If α and β are zeros of the polynomial P(x) = 4 x²+ 3 x + 7, then ( 1/α + 1/β) is equal to
Answers
Answer :
1/α + 1/ß = -3/7
Note:
★ The possible values of the variable for which the polynomial becomes zero are called its zeros .
★ A quadratic polynomial can have atmost two zeros .
★ The general form of a quadratic polynomial is given as ; ax² + bx + c .
★ If α and ß are the zeros of the quadratic polynomial ax² + bx + c , then ;
• Sum of zeros , (α + ß) = -b/a
• Product of zeros , (αß) = c/a
Solution :
Here ,
The given quadratic polynomial is ;
p(x) = 4x² + 3x + 7 .
Comparing the given quadratic polynomial with the general quadratic polynomial ax² + bx + c , we have ;
a = 4
b = 3
c = 7
Also ,
It is given that , α and ß are the zeros of the given quadratic polynomial p(x) .
Thus ,
=> Sum of zeros = -b/a
=> α + ß = -3/4
Also ,
=> Product of zeros = c/a
=> αß = 7/4
Now ,
=> 1/α + 1/ß = (ß + α) / αß
=> 1/α + 1/ß = (α + ß) / αß
=> 1/α + 1/ß = ( -3/4 ) / (:7/4 )
=> 1/α + 1/ß = ( - 3/4 ) × ( 4/7 )
=> 1/α + 1/ß = -3/7
Hence ,
1/α + 1/ß = -3/7
Añswèr :
- -3/7
Note :
- If ax²+bx+c is a polynomial and @ , ß be the zeroes of the polynomial , then ,
- @ + ß = -b/a
- @ß = c/a
- 1/@ + 1/ß = -b/c
Formulà used :
- 1/@ + 1/ß = -b/c
Solution :
- Comparing the given polynomial with standard form ,
- a = 4 , b = 3 , c = 7
- 1/@ + 1/ß = -3/7
Proof :
- Let ax²+bx+c be a quadratic polynomial , equating the polynomial to zero , we get zeroes
- Let ax²+bx+c = 0 be a quadratic equation, and @ , ß be the roots of the equation ( i.e zeroes of the polynomial)

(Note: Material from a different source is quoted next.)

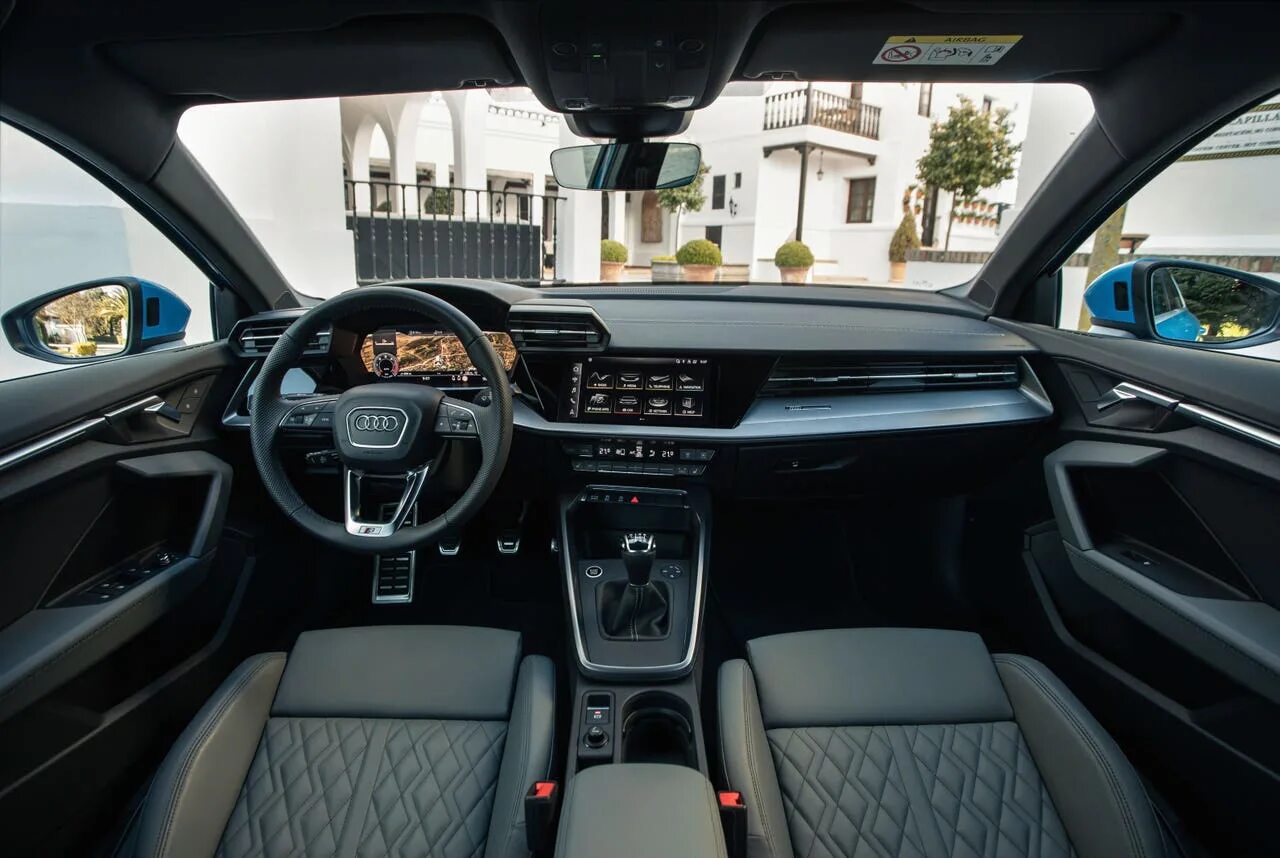 Тест драйвы 2020 года. Audi a3 2021 Interior. Ауди а3 2020 салон. Audi a3 Sportback 2020 Interior. Audi a3 2022 Interior.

- Dividing by a on both sides ,
- x² + (b/a)x + c/a = 0
- Transposing constant to RHS
- x² + (b/a)x = - c/a
- multiplying and dividing by 2 for the term "(b/a)x"
- x² + 2(b/2a)x = -c/a
- adding b²/4a² on both sides
- x² + 2(b/2a)x + b²/4a² = b²/4a² - c/a
- LHS is in the form (A+B)² = A²+B²+2AB , where , A = x and B = b/2a
- (x+b/2a)² = (b²-4ac)/4a²
- Applying square root on both sides ,
- x + b/2a = ±√(b²-4ac)/√(2a)²
- x + b/2a = ± √(b²-4ac)/2a
- x = {-b/2a} ± {√(b²-4ac)/2a}
- x = -b±√b²-4ac/2a
- x = -b±√∆/2a , where ∆ = b²-4ac
- x = (-b+√∆) / 2a and x = (-b-✓∆) / 2a are zeroes of the polynomial
- Therefore , @ = (-b+✓∆) / 2a and ß=(-b-✓∆) / 2a
Consider @ + ß :
- @ + ß = (-b+✓∆) / 2a + (-b-✓∆) / 2a
- @ + ß = (-b + √∆ -b -√∆ ) / 2a
- @ + ß = -2b / 2a
- @ + ß = - b/a ----(i)
Consider @ß :
- @ß = (-b+✓∆) / 2a * (-b-✓∆) / 2a
- @ß = (-b+✓∆)(-b-✓∆)/4a²
- Numerator is in form (A+B)(A-B) = A²-B² , where A = -b and B = √∆
- @ß = (-b)²-(√∆)² /4a²
- @ß = b² - ∆ / 4a²
- We , know , ∆ = b²-4ac , substituting it ,
- @ß = b²-(b²-4ac)/4a²
- @ß = b² - b² + 4ac / 4a²
- @ß = 4ac/4a²
- @ß = c/a ----(ii)
Consider 1/@ + 1/ß :
- 1/@ + 1/ß
- By , fraction addition ,
- 1/@ + 1/ß = ß + @ / @ß
- 1/@ + 1/ß = @+ß/@ß
- 1/@ + 1/ß = (-b/a) / (c/a) [since , equations (i) and (ii)
- 1/@ + 1/ß = -b/c
Hope it helps. !
- Sorry for the inconvenience , I've used "@" in place of "alpha" and "ß" in place of "beta"